In general, the advice that I've been given is use the aperture that's necessary to get the proper DOF and don't worry about diffraction. I was told that for contact prints, you can't notice diffraction until you get smaller than f/128 or f/256. Could you tell us what format you shoot and how you print (ie. enlargements vs contact prints)?

brian steinberger
17-Feb-2005, 22:50
I'm shooting 4x5 Tmax 100, mainly 11x14's on 16x20 paper. I do conatct prints as reference, never to be a finished print though..

Edward (Halifax,NS)
18-Feb-2005, 05:42
If you want no effect, stop at f/32. If you stop down more it would be up to you whether the final results are acceptable. As to Adams and f/64, he was shooting 8X10 so the level of magnification is lower. Also he prized full depth of field over minimal loss of sharpness.

Robert A. Zeichner
18-Feb-2005, 05:44
The rule of thumb I've repeatedly heard is to avoid apertures smaller than f32 for 4x5, f45 for 5x7 and f64 for 8x10. When diffraction starts to become a factor, the visible result is a softening of fine detail. In certain situations where the need for depth of field is the difference between making the image you want or not, I have closed down to f45 or even a half stop smaller in 4x5 without regret in most cases. I suppose in situations where there is a tremendous amount of fine detail in the negative, the softening effect may be more obvious and objectionable.

Donald Qualls
18-Feb-2005, 05:47
Diffraction is unlikely to be noticeable on prints at around 3x enlargement (like yours) at f/64. Depending on the focal length of the lens and amount of magnification, f/90 may produce unacceptable diffraction, or you might be able (if your lens supports it, or if you were to make Waterhouse stops and install them in the shutter over the existing diaphragm) to go to 1/128 or f/180.

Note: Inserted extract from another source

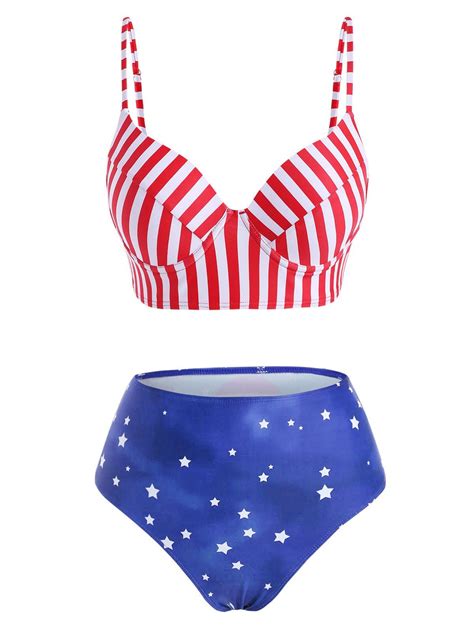 American Flag Underwire High Waisted Bikini Swimwear 32 OFF Rosegal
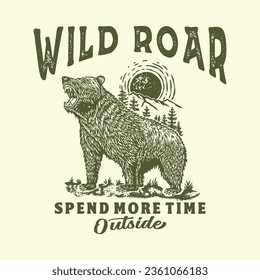 ilustración de oso diseño gráfico salvaje grizzly diseño bosque vintage camiseta naturaleza aventura al aire libre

Worthy of note, however, is that pinhole photography has diffraction as a limiter on pinhole size, where the increased sharpness of a smaller circle of confusion starts to be overwhelmed by the decreased sharpness due to diffraction; for a pinhole distance (equivalent to focal length) comparable to focal lengths we use in large format, say 150 mm, the "optimum" pinhole size, the one with the best compromise (for sharpness) between circle of confusion and diffraction, is 0.49 mm (or about .019"), which corresponds to about f/300; this will give effectively infinite DOF with everything in field equally "semi-sharp". Any aperture similar to this (f/256, surely, but probably f/180 and possibly even f/128) will show some of the same characteristics as a pinhole -- extreme depth of field, but coupled with a visible loss of sharpness (which becomes more noticeable with any magnification) in all parts of the image.

There are mathematical formulae that suggest a minimum aperture to avoid unacceptable diffraction effects, but like DOF calculation, they're a little slippery because of the subjective definition of "unacceptable". How much image degradation you're willing to accept from a particular source (whether defocus, camera motion, diffraction, or lens aberrations) depends on how much (if any) you'll enlarge the negative in printing, what level of sharpness or fuzziness you find comfortable in the final print, and what other sources of unsharpness may be present (for instance, I've found that with a pinhole body cap on my 35 mm SLR, I can easily hand-hold at 1/4 second, because the fuzziness from the pinhole overshadows motion blur in most shots) -- all of which, in turn, may depend on the subject being photographed and the type of image sought.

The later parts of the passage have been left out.